Ja, und wie lange bleibt man Generaldirektor? Wie ist das bei . . . verzeihen Sie, es ist nur eine theoretische Frage, ich meine . . . wie ist das bei einem gerichtlichen Verfahren? Wird da der Angeklagte auch mit ›Herr Generaldirektor‹ bezeichnet? Oder ist er ausgestoßen aus der Reihe der Generaldirektoren, degradiert, beschimpft, hinuntergestoßen in den Stand der miserrima plebs? Pleitesse oblige.
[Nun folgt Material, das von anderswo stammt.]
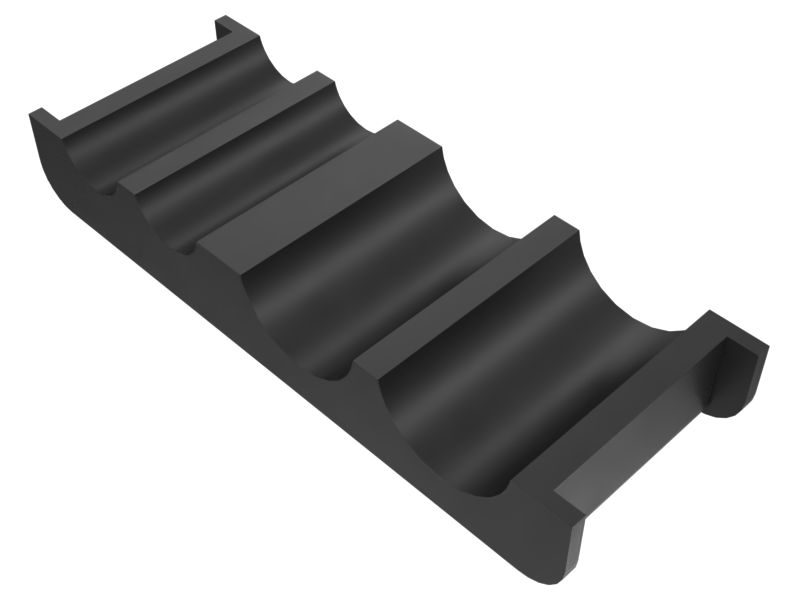 9W-0512:Плоское разрезное резиновое уплотнение жгута проводов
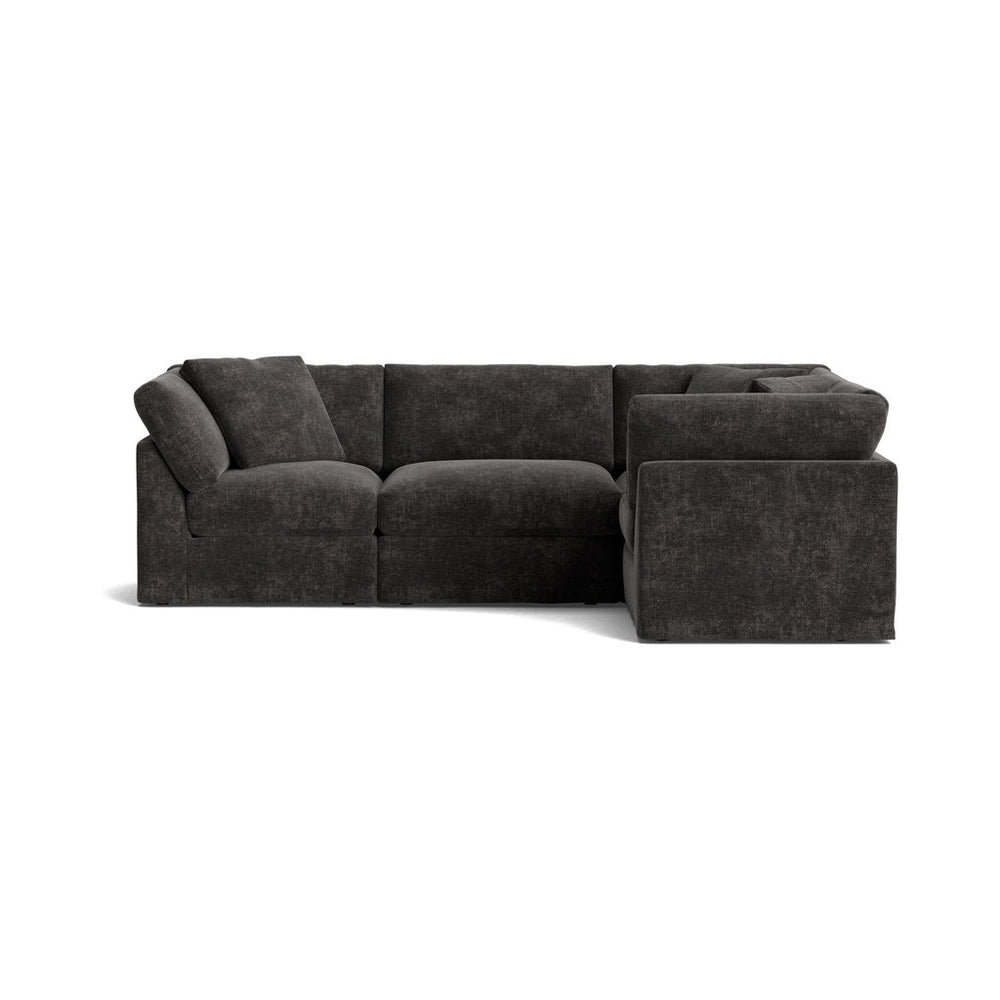 Get Together™ seccional modular de 4 piezas, cerrado, estándar, Trufa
Man ist Generaldirektor, oder man ist es nicht. Ich glaube: jeder kann es nicht werden. Es gehört wohl eine Art innerer Würde dazu, ein gußeiserner Halt im Charakter, verbunden mit einer ganz leisen, wehen Sehnsucht nach einem verhinderten Doktortitel . . . denn einen Titel muß der Mensch haben. Ohne Titel ist er nackt und ein gar grauslicher Anblick. Und Willy Eisenstein sah an sich hinunter, und siehe, er sahe, daß er nackt war und bloß, an der Ecke lauerte das Schund- und Schmutzgesetz . . . und da bekleidete er sich und nahm das härene Gewand des Generaldirektors auf sich (Marke: Hungerbrokat), und er ging umher und sah, daß alles gut war, und wenn die kleinen Hotelpagen nun im Hotel quäken: »Herr Generaldirektor Eisenstein!«, dann erhebt sich ein Generaldirektor und schreitet fürbaß.
In ihm sitzt, ganz klein, ganz niedlich und unverändert, der kleine Willy und lugt aus den Gucklöchern seines Titels. Erweist die Welt dem Hut die Reverenz? »Orden und Titel«, sagte der Geheimbderath aus Weimar, »halten manchen Puff ab im Gedränge.« Wobei denn die Frage offen bleiben mag, wie es in einem Gedränge von Generaldirektoren zugehen mag.